═══ Exercise input
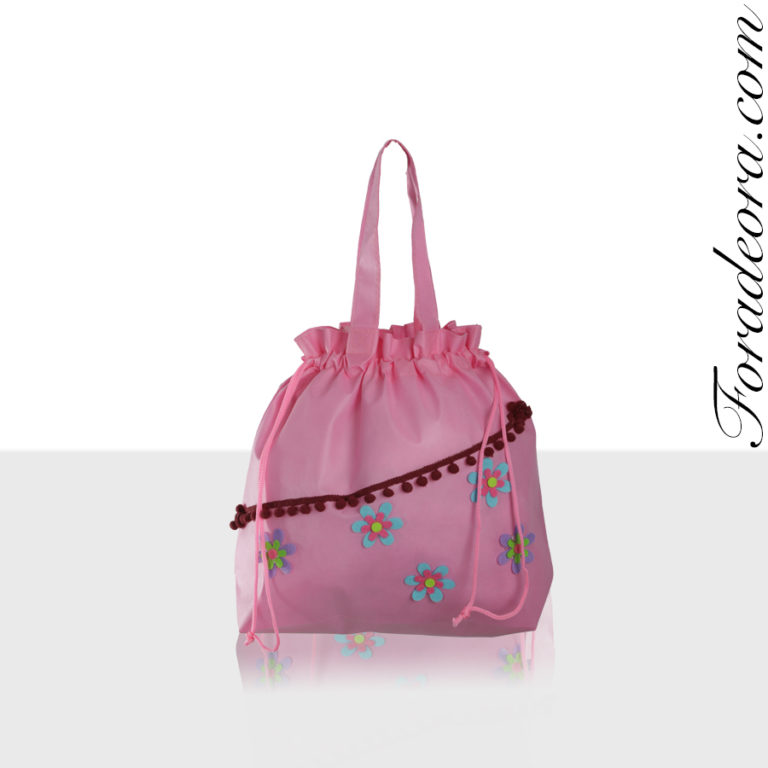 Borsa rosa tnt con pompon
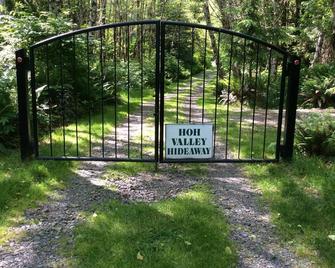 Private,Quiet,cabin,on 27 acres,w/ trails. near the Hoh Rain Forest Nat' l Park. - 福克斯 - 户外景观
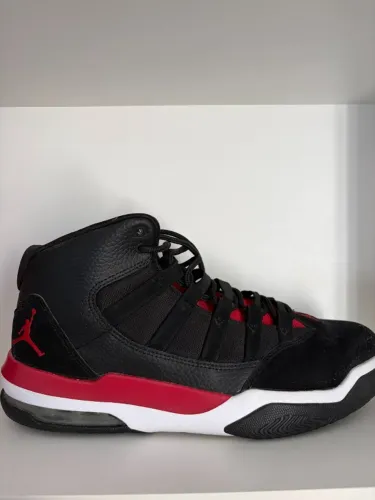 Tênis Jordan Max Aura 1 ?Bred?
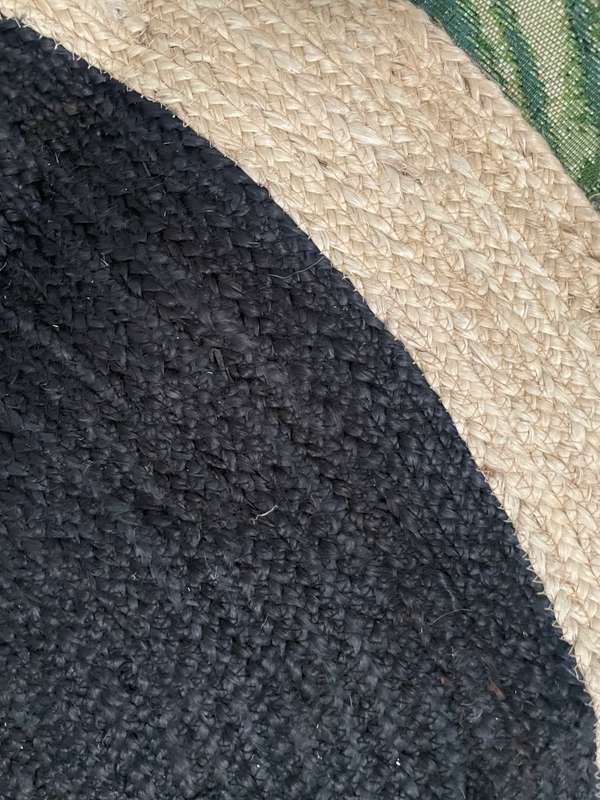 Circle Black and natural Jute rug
══════
═══ Exercise input
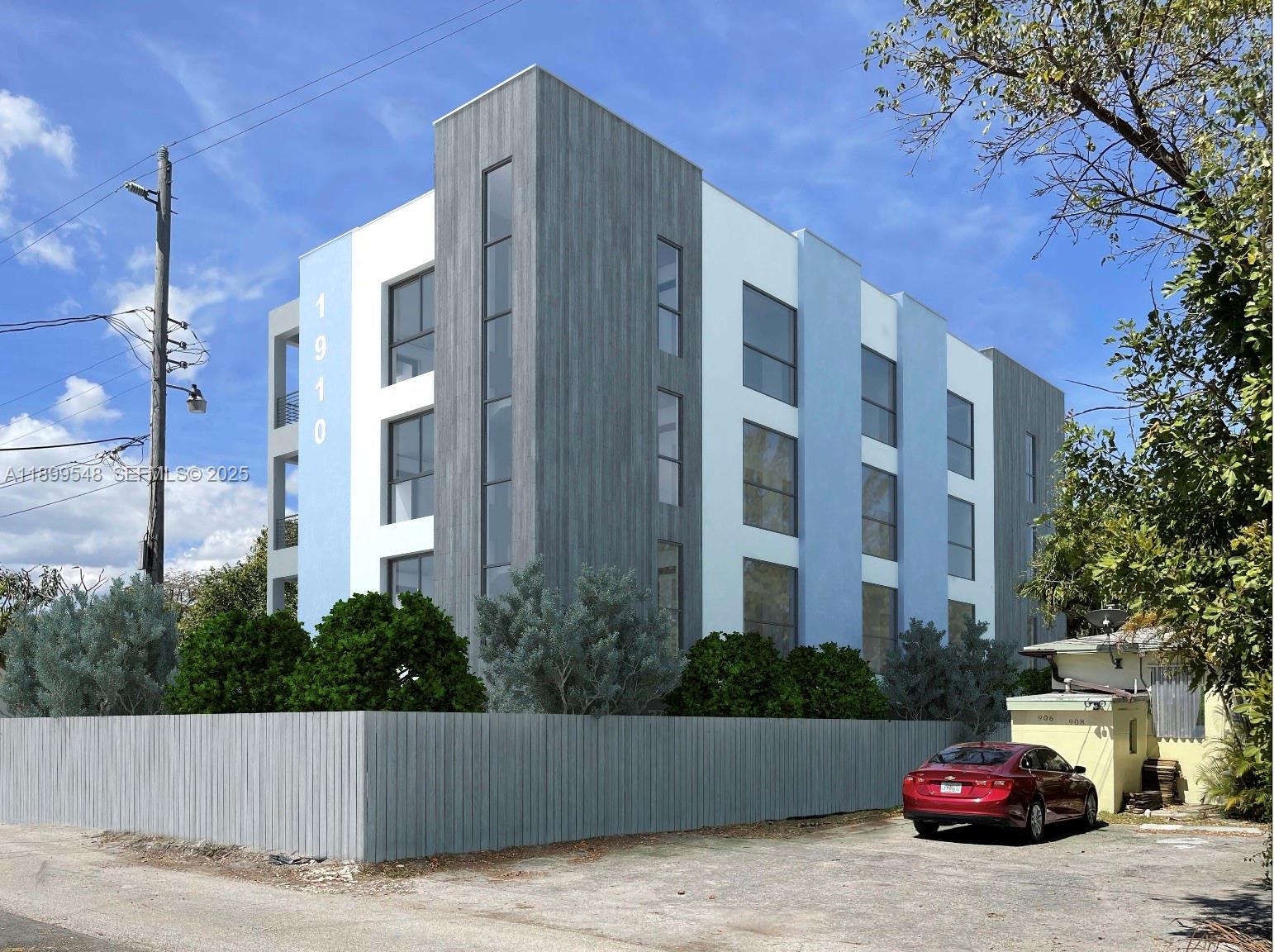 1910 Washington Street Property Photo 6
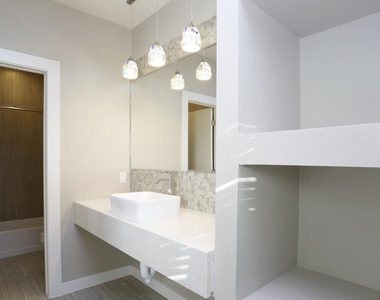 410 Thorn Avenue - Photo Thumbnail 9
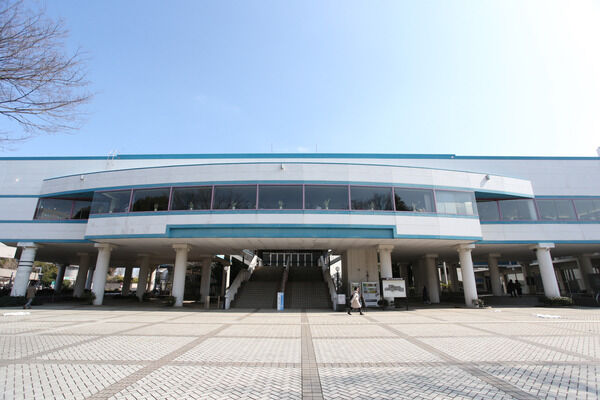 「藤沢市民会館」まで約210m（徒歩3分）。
══════
▸ Directions
What's needed is an exact copy of the records above from the line containing "Borsa rosa tnt con pompon" down to the line containing "Circle Black and natural Jute rug", both included, without any pictures.

▸ Response below
 Borsa rosa tnt con pompon
 Private,Quiet,cabin,on 27 acres,w/ trails. near the Hoh Rain Forest Nat' l Park. - 福克斯 - 户外景观
 Tênis Jordan Max Aura 1 ?Bred?
 Circle Black and natural Jute rug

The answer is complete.